When Dr Mamphela Ramphele recently revealed that the national government handed Goldfields a list of people who should be "empowered" through equity transfers in order to comply with the Mining Charter, it confirmed our worst fears of the manipulation of BEE in the interests of a few. 

The DA will always reject crony enrichment and patronage schemes that seek to manipulate outcomes, rather than broaden opportunities. Indeed, the examples of crony enrichment posing as B-BBEE far outweigh the examples of genuine broad-based empowerment. 

We see this trend, yet again, in the Department of Trade and Industry's "revised codes of good practice". Far from broadening economic inclusion, they will protect and encourage the re-enrichment of the already wealthy. It raises the threshold for new entrants from R20-million to R50-million, thus enabling the already wealthy to be "re-empowered". And it makes 40% of the BEE ownership target compulsory in order to qualify for any rating. The DA strongly opposes these codes in their current form.

So where does this leave the DA in the debate on the B-BBEE Amendment Bill, currently before parliament?

The Amendment Bill focuses primarily on preventing "fronting", which occurs when businesses fraudulently misrepresent their B-BBEE status to win contracts. The Committee heard genuinely shocking examples of business owners submitting the names of people as directors of the companies without their knowledge - and without any intention of allowing them a meaningful say or stake in the company. 

We believe that "fronting" is wrong and should be exposed. We therefore support this core aim of the Bill. But there was also much in the draft Bill with which we disagree. As a result, the DA proposed many amendments during the committee stage.

We succeeded in getting the ANC's support for many of them, which is significant progress. For example, we succeeded in limiting the Minister's power to appoint members of the B-BBEE Commission. He must now do so in consultation with Parliament. This is a significant check and balance on potential power abuse.

But we lost the debate on the definition of "beneficiaries" in the Bill. The DA wanted this definition to focus on disadvantage rather than race. The ANC was determined to retain a race-based definition (presumably to leave the door open for further crony enrichment).

This race-based definition is difficult to accept, because even though there is a still a strong overlap in the South African context, race is not an exact proxy for disadvantage.

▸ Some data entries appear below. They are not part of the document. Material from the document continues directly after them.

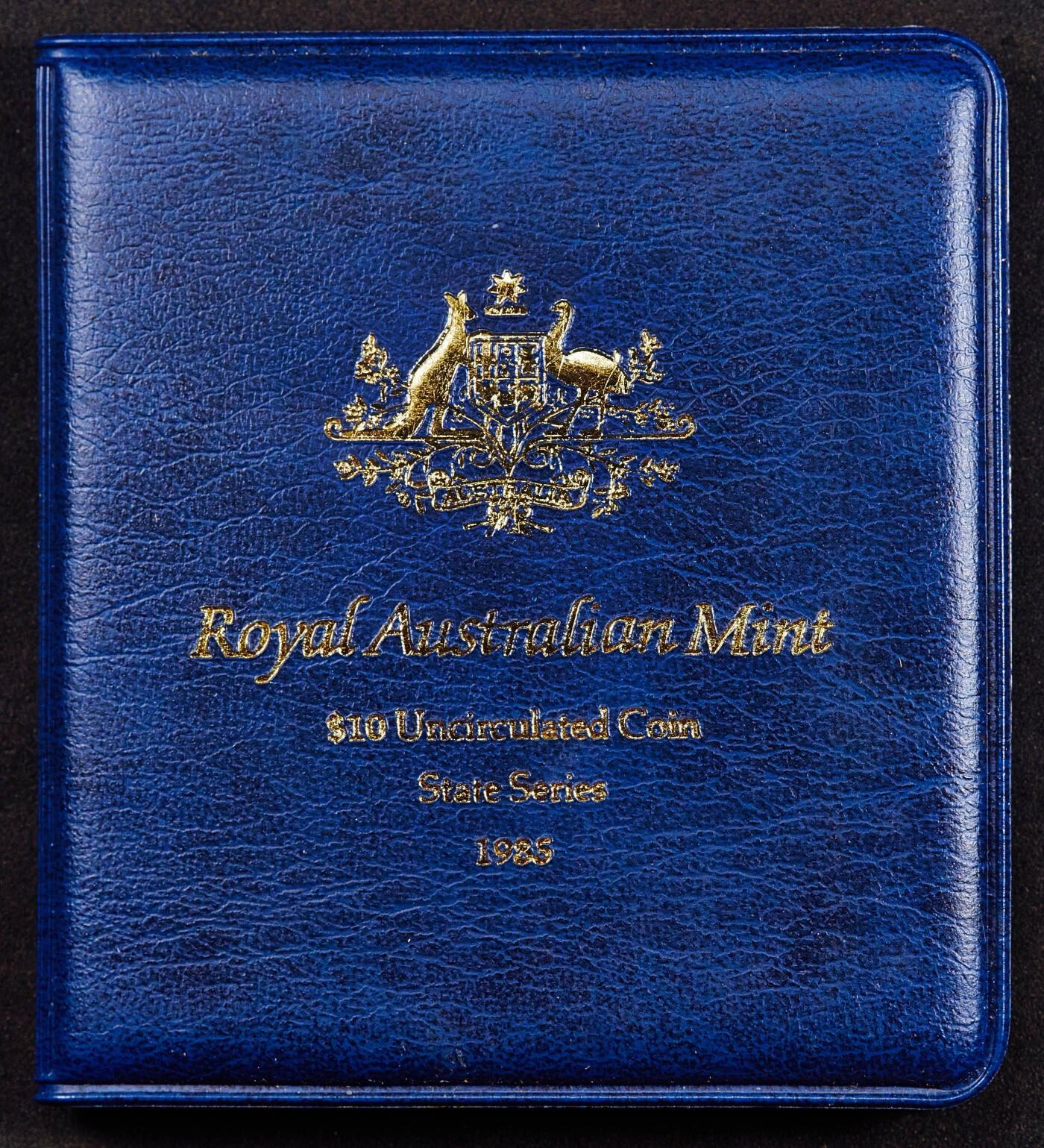 【俄甄集藏】2026年(050)04-01星期三 晚 19:30 全场包邮 澳大利亚1985年行政区系列-维多利亚州10元册装银币，带证，重20克，925银，发行量81751枚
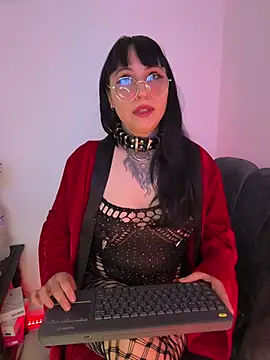 Ravenna666  online show from April 16, 2026, 10:23 pm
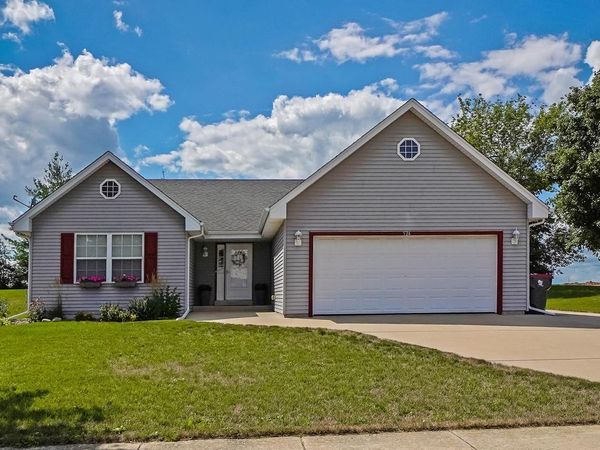 524 Parkview DRIVE, Johnson Creek, WI 53038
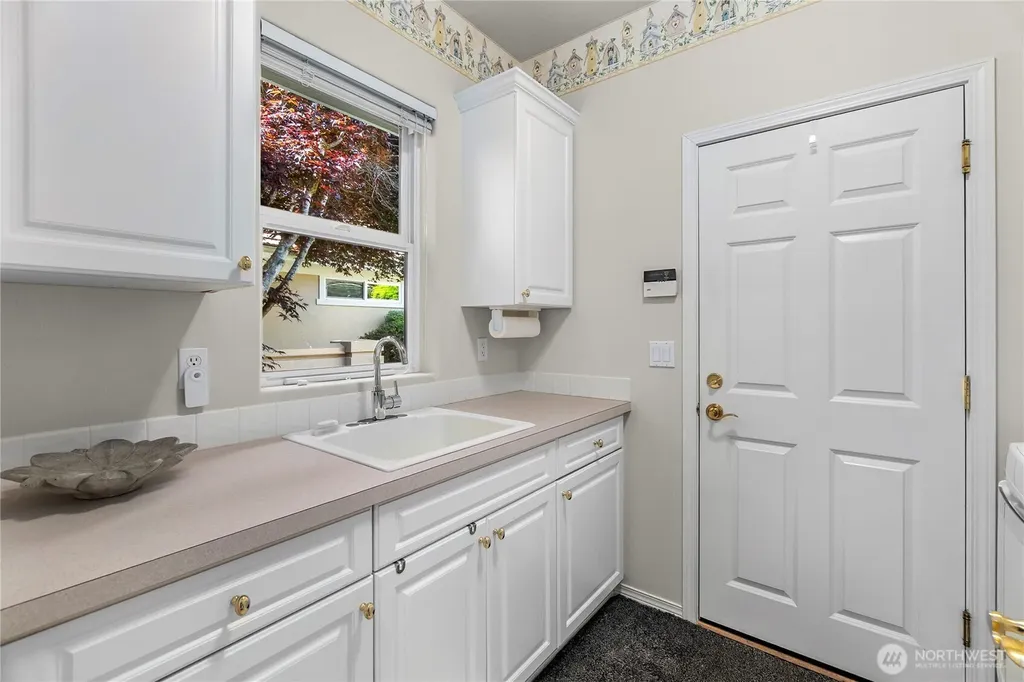 6841 Fairway Lane SE Olympia WA 98501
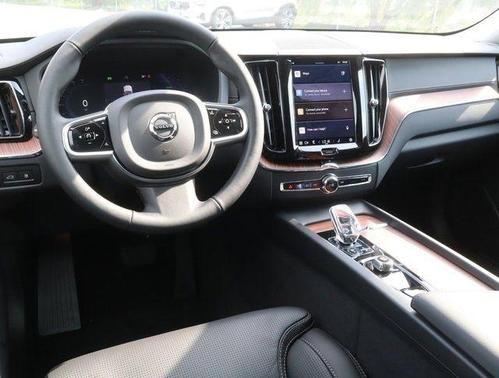 2024 Volvo XC60 Recharge Plug-In Hybrid T8 Ultimate Dark Theme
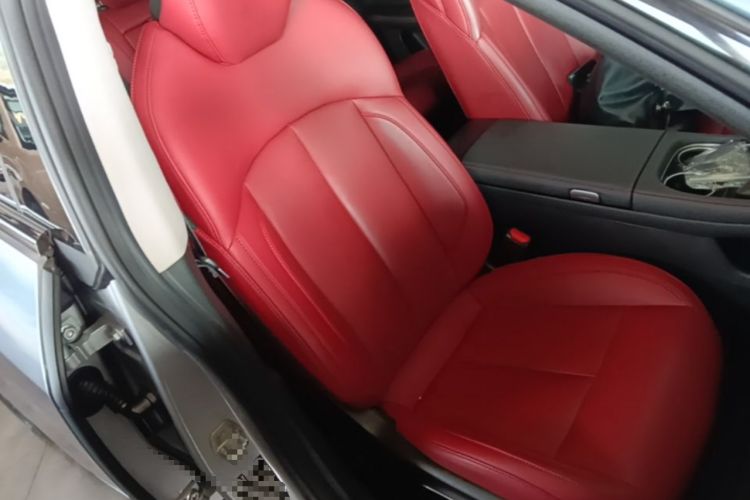Used XPeng P7 2023 P7i 610 Max Performance Edition Right Front Seat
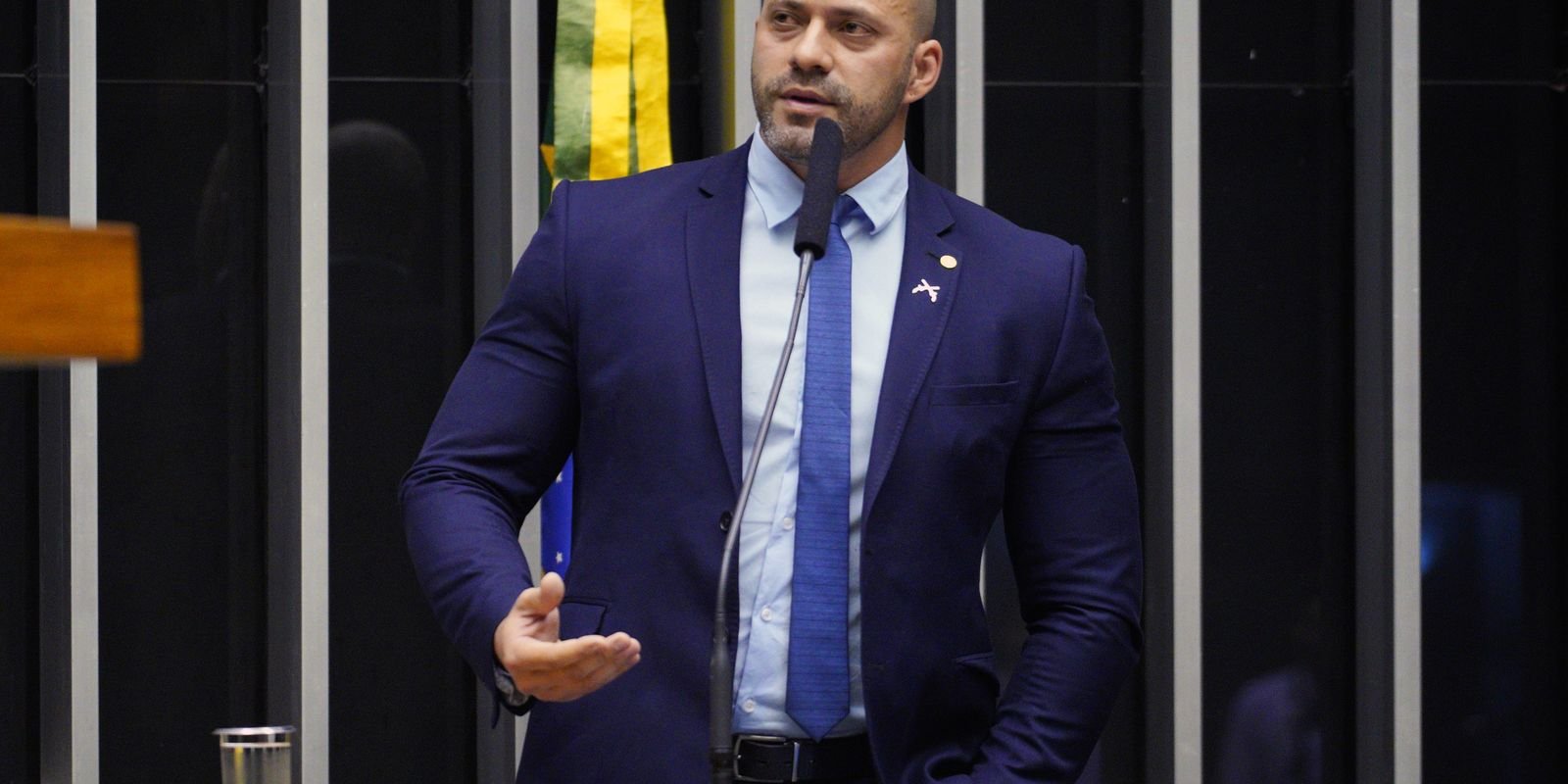 moraes-determina-que-daniel-silveira-seja-submetido-a-pericia-medica 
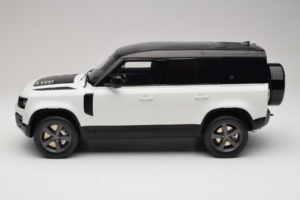 Land Rover Defender 110 L663 GT Spirit 1:12 GT554 Żywica — zdjęcie 3 z 6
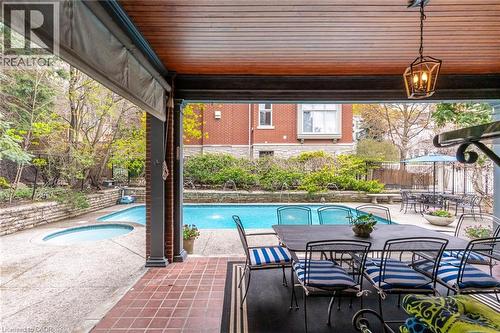 5 Undercliffe Avenue, Hamilton, ON - Outdoor With In Ground Pool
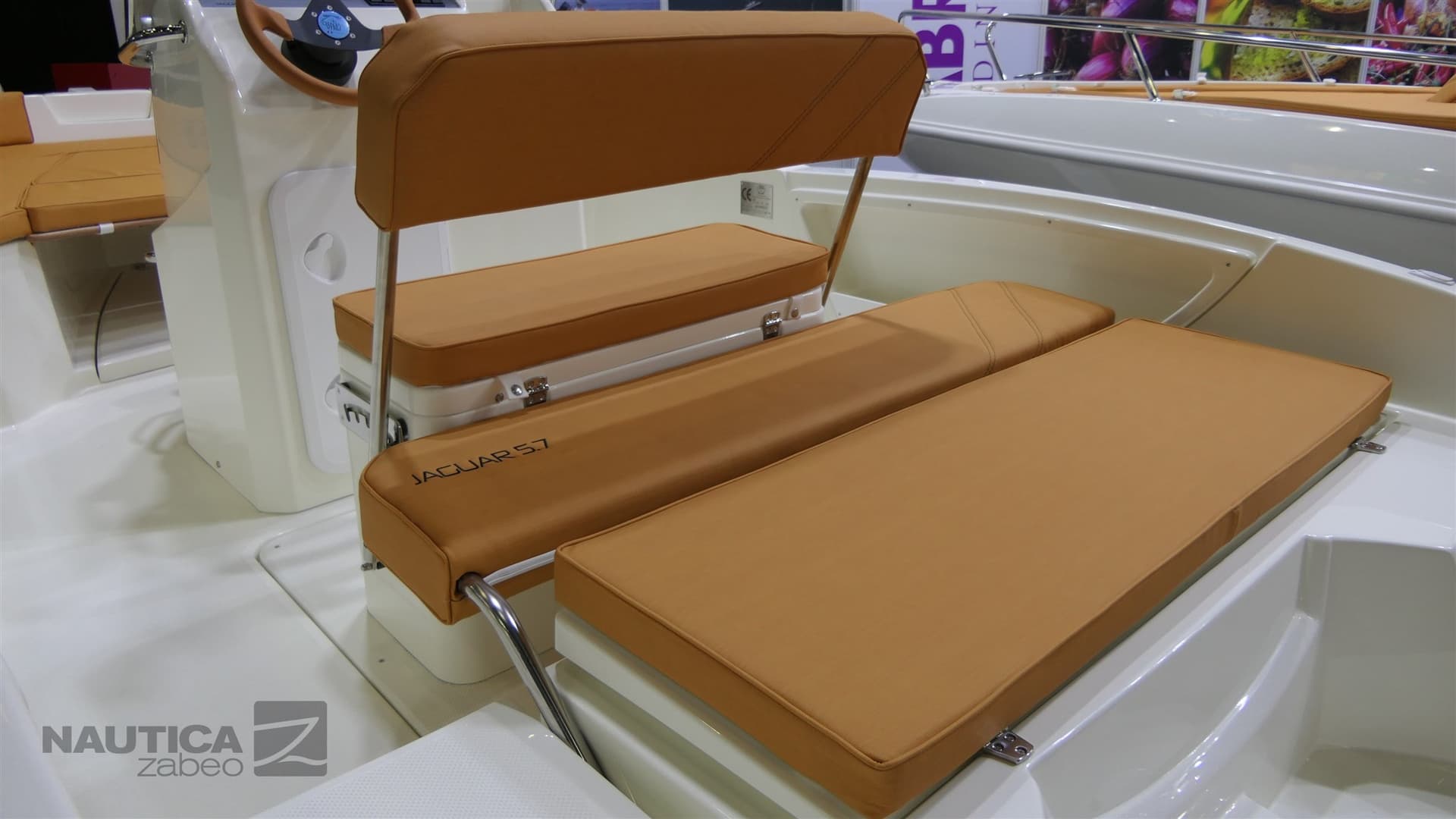 Prua Al Vento Jaguar 5.7 SE usato - foto hero 8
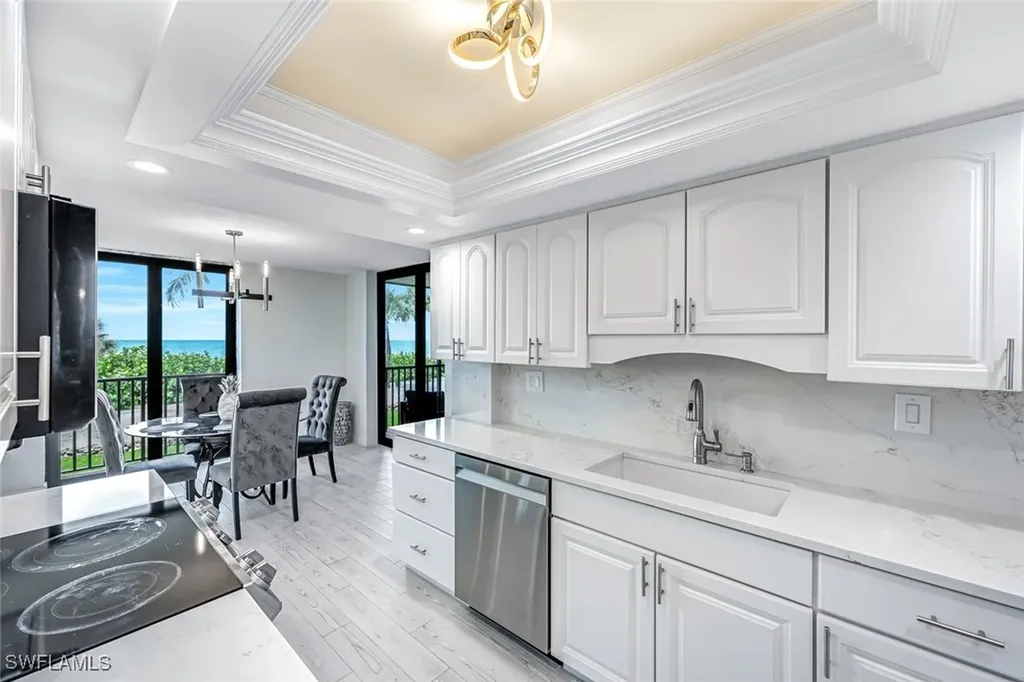 10475 Gulf Shore Drive Naples FL 34108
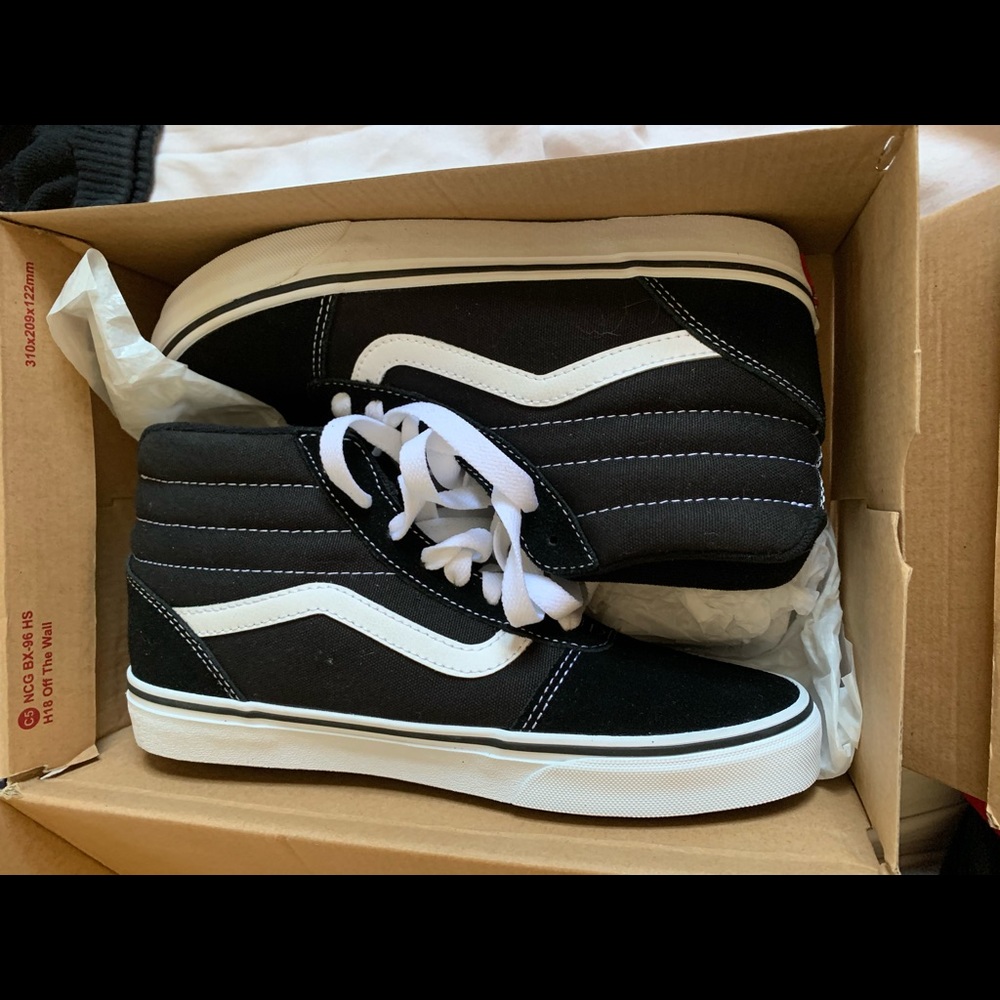 Vans Size 7-Mens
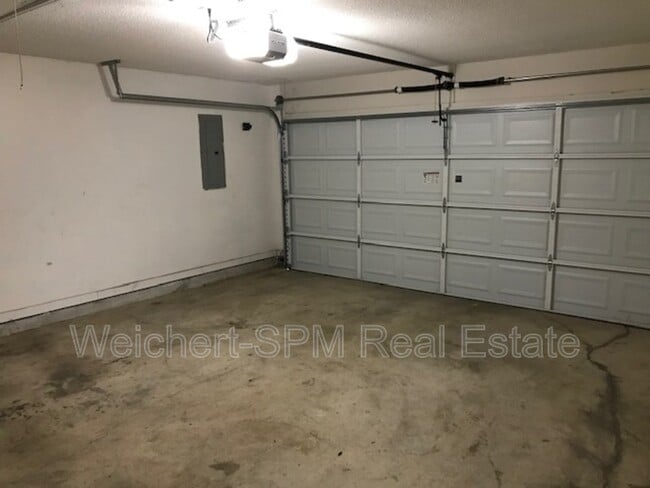 Building Photo - 5616 Autumn Valley Dr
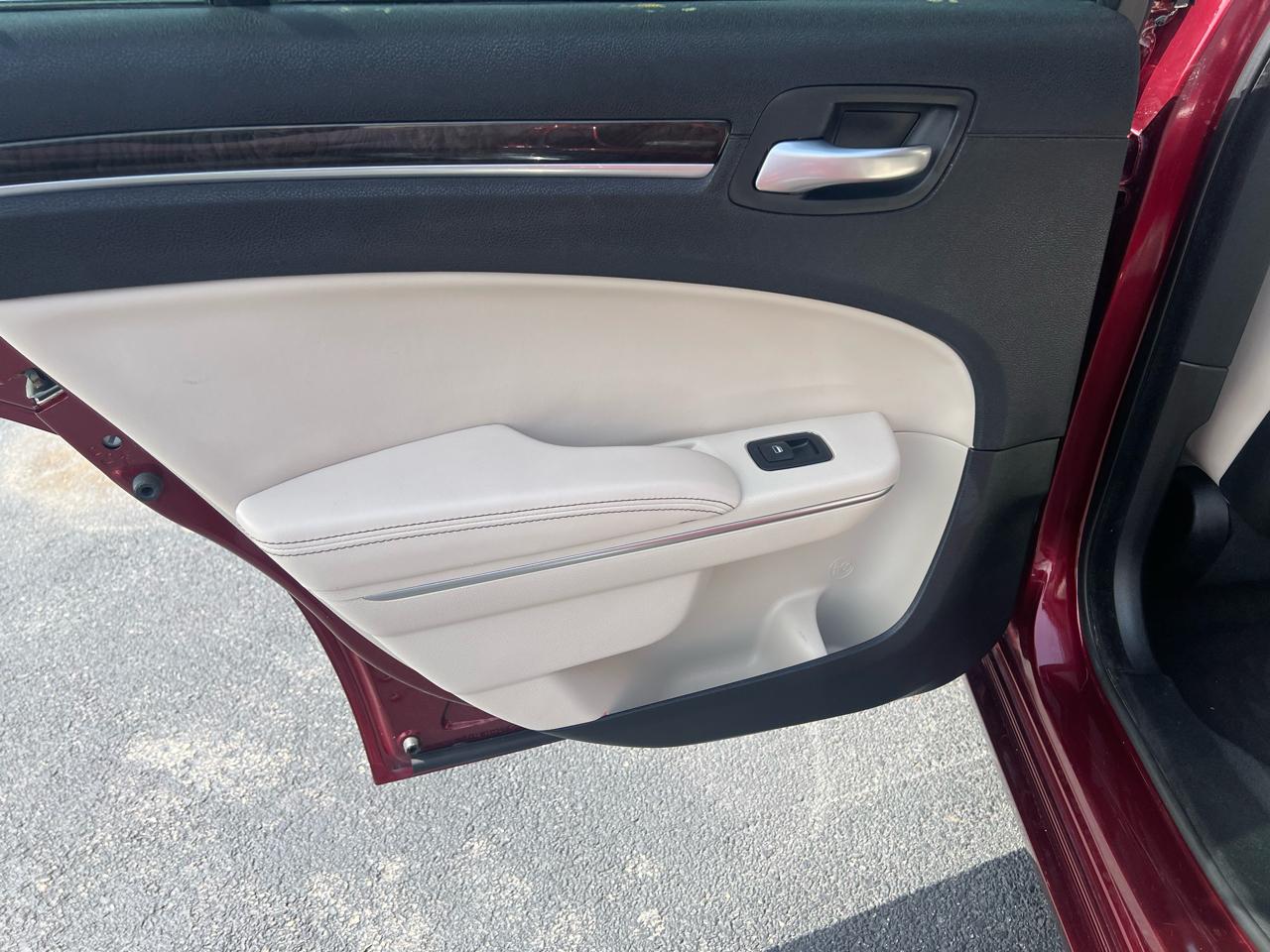 Chrysler 300 300C AWD 2017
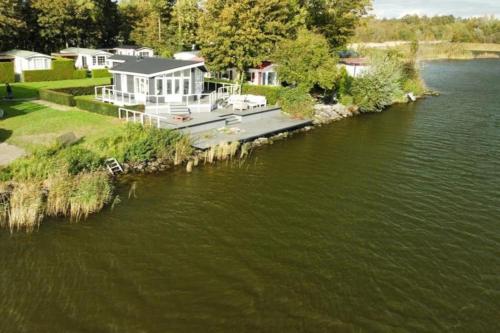 Chalet Aan ut water Elburg — 4-Star Luxury Hotel in Biddinghuizen, Netherlands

We will never be able to fully support policies that require racial classification because this was the founding principle of the apartheid system which we fought to change. 

Some people will argue that liberals cannot, under any circumstances, support a Bill that includes a race-based definition (even if we support the Bills' main purpose to prevent ‘fronting' and even if we unambiguously support redress for the injustices of apartheid.)

But not all liberals agree with this view.

For example, many of us believe that the state has a responsibility to broaden inclusion for historically disadvantaged individuals, because this will not happen by itself.

In the early 1960s, the South African Liberal Party's policy handbook noted that "the state must...not shrink from such measures of intervention as may be necessary to ensure the creation of a non-racial economy with fair distribution and opportunity for all."

I agree with this position.

The critical question we must now ask ourselves is: Do we oppose the Bill as a whole because we did not succeed in changing this definition (even though we know the outcome will be broadly the same?) Or do we, on balance, support the Bill because it enables us to proceed with more examples of positive empowerment and economic inclusion (such as the examples I have mentioned above, especially where we govern in the Western Cape) while continuing to expose instances of abuse of B-BBEE for political patronage?

If we accept this Bill, we can continue to show how, where we govern, economic empowerment can work to redress apartheid's legacy by broadening opportunities for all.

The question is, couldn't we just do it anyway, without this Bill?

We believe that a framework of incentives is necessary. And it is crucial to point out that empowerment legislation in South Africa is largely based on incentives, not punitive measures. The Codes of Good Practice incentivise companies to use local suppliers, to support small businesses, to invest in skills training for their workers, and to support non-profit organisations. All of these incentives are entirely non-racial. The system even actively incentivises companies to include ‘new entrants' into all ownership transfer deals, irrespective of race. 

This is significantly better than affirmative action in Malaysia, for example, where the redress system is based on undisguised coercion. In Malaysia, every company must by law be at least 30% owned by ethnic Malays (Bumiputera). Where this is not the case, companies are compelled to effect an ownership transfer - which means they are effectively forced to give away 30% of their company. 

Supporting the Bill, despite reservations, does NOT mean that we will support all the codes of good practice issued by the Department of Trade and Industry. Again, our yardstick will be: do the Codes broaden opportunities for the historically disadvantaged; or manipulate outcomes for the politically connected? We will support the former. We will oppose the latter.

After very careful consideration, I believe that rejecting this Bill, even in its imperfect form, will be more harmful for the essential project of economic inclusion than the alternative. Indeed, the many positive incentives in the Bill increase the prospect of greater investment in skills, the creation of new small businesses and the expansion of existing ones, social investment, local content procurement and the consequent development of our manufacturing sector. And above all, these measures are compatible with our primary policy objective: job creation.

Of course, racial definitions leave loopholes for crony enrichment under the fig-leaf of race-based redress. We will continue to expose and oppose these. Most South Africans have already seen through this ruse. The recent outrage over the Gupta family's grip on the President is a result of this insight.

As on so many other issues, our position is nuanced. We understand that life is rarely a clear choice between pure good and pure evil, and that there are many shades of grey. But we can say unequivocally that we support Black Economic Empowerment when it is genuinely broad-based and productive. And we insist on the application of the broad-based definition of "black" to include all people denied the franchise under apartheid, including coloured and Indian South Africans.

Our work in the Western Cape to advance economic inclusion has demonstrated this. And nothing in the Bill will detract from it. The solution is for more and more voters to elect DA governments where they live, so that we can implement genuinely broad-based empowerment, focusing on disadvantage, not political patronage.

Our job is to convince voters to do so.